Rivestimento esterno
Alcuni giorni prima della preparazione delle cotognette, aggiungere allo zucchero a velo una stecca di cannella per aromatizzarlo.
Al momento della glassatura mescolarlo in una terrina con l’albume e il succo di limone filtrato. Sbattere con una frusta elettrica fino a ottenere un composto liscio e senza grumi, con il quale coprire le cotognette.

A casa, seduta in cucina, ragiono sul mio futuro. La preoccupazione più forte è quella dei soldi. Oggi è San Giuseppe verso la fine del mese il conto in banca è quasi vuoto, come al solito. Il mutuo della casa è a nome mio e Dio solo sa come farò a pagarlo; le bambine sono piccole e richiedono ancora molte cure. Era Gaetano a occuparsi delle spese. Io ho fatto sempre la moglie e la madre. Vero è che avrei potuto lavorare e portare uno stipendio pure io, perché ho studiato, che mio padre, pescatore ignorante, una vita di stenti e fatiche, voleva per i suoi figli tutto quello che non aveva avuto lui. Ma poi Gaetano, figlio unico, viziato come a un piccolo Budda, la moglie fuori casa ci dava fastidio, così ho rinunciato a qualunque professione. Quando avevo gana di fare quaccheccosa, tanto per non passare la giornata con una mappina nelle mani, lui, preoccupato, mi diceva: “Ancilù e che cosa ti manca? Che deve dire la gente che l’ingegnere soldi a casa non ne porta?”. E così mi tappava la bocca e mi legava le mani. Incaprettata ero, anzi attapanata! Di nuovo questa intraducibile parola che mi gira nella testa, una specie di canzone triste che mi arrivota nel cervello. Mi sollevo dalla sedia lentamente, con i muscoli che mi fanno male e le spalle curve, quasi a pararmi da altri dolori.
Mi guardo allo specchio del bagno, praticamente una vecchia. Gli occhi affondati dentro a due pozze nere, la pelle arrossata dalle dita che mi passo continuamente sul viso, la bocca un pirtuso, circondata da dei labbra gonfie, le vene del collo tirate. Mi sciacquo. Il contatto con l’acqua fresca non mi rasserena. Le lagrime se ne scendono da sole.
Giro per le stanze e provo a fare un poco di ordine per calmarmi: conzo i letti, sistemo la biancheria negli armadi.

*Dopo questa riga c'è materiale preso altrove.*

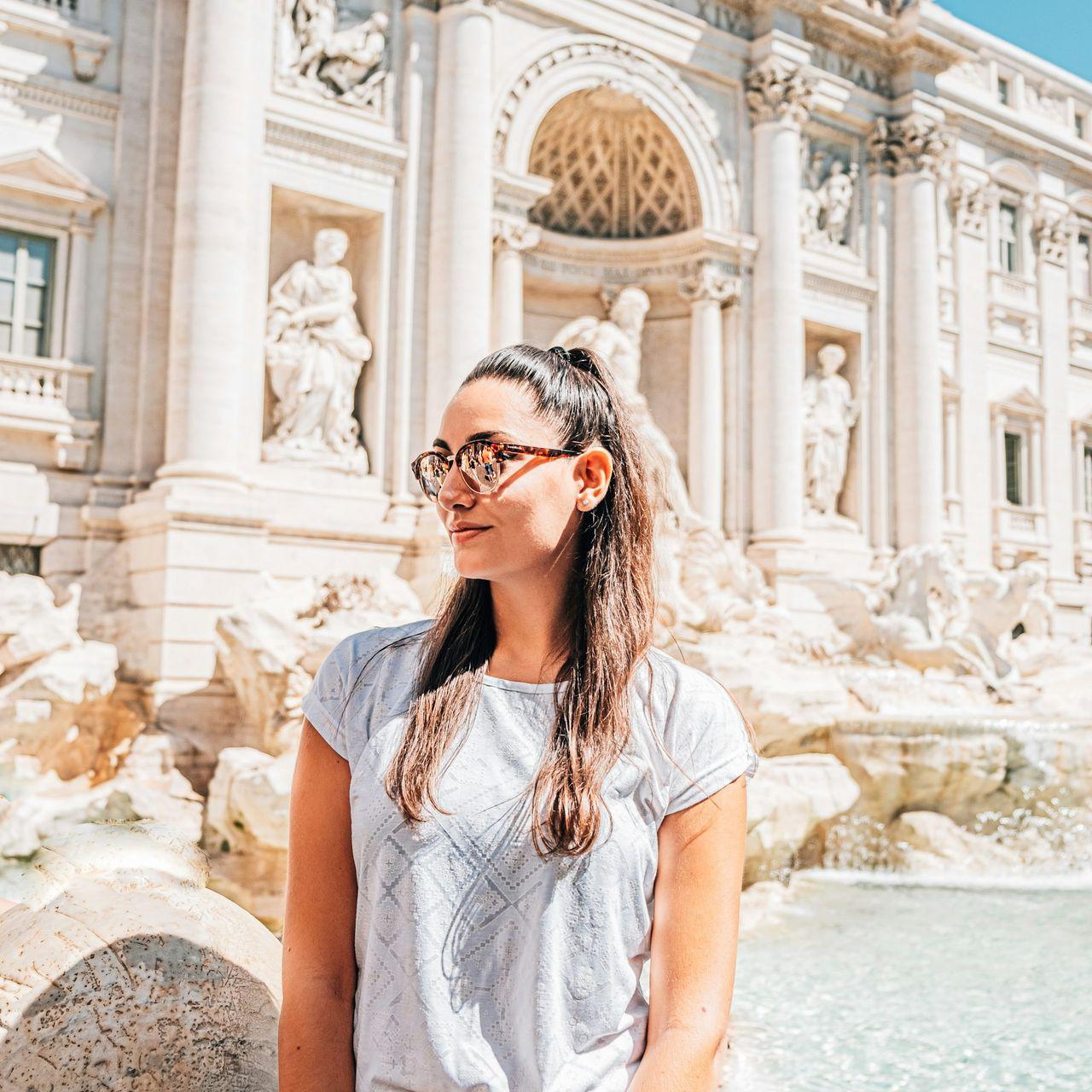 woman in white shirt wearing black sunglasses standing on water during daytime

Quasi riempio una pentola d’acqua e la metto sul fuoco. Cucinare è una cosa che mi rilassa, mi svacanta l’anima, mi calma il cuore e il respiro; come quando la sera mi dico il rosario, in ginocchio sul cuscino, lo sguardo fisso alla luce di una candela, non penso più a niente e dopo mi sento bene. Metto a cuocere le mele cotogne che ho raccolto ieri nel mio giardino, così tengo la testa al suo posto e faccio contente le mie figlie. Già le picciridde, tra poco saranno a casa e io quaccheccosa ce la devo raccontare.
Preparo la glassa, sbatto lo zucchero e quando è bello morbido e vaporoso come il velo di una sposa lo copro con una plastichino e lo lascio a riposare.
Non so come affrontare il discorso. Penso che la cosa giusta sarebbe rassicurarle, vorrei che non soffrissero, che non fossero segnate dall’assenza del padre, ma i nervi non mi reggono e ho timore di scatasciare.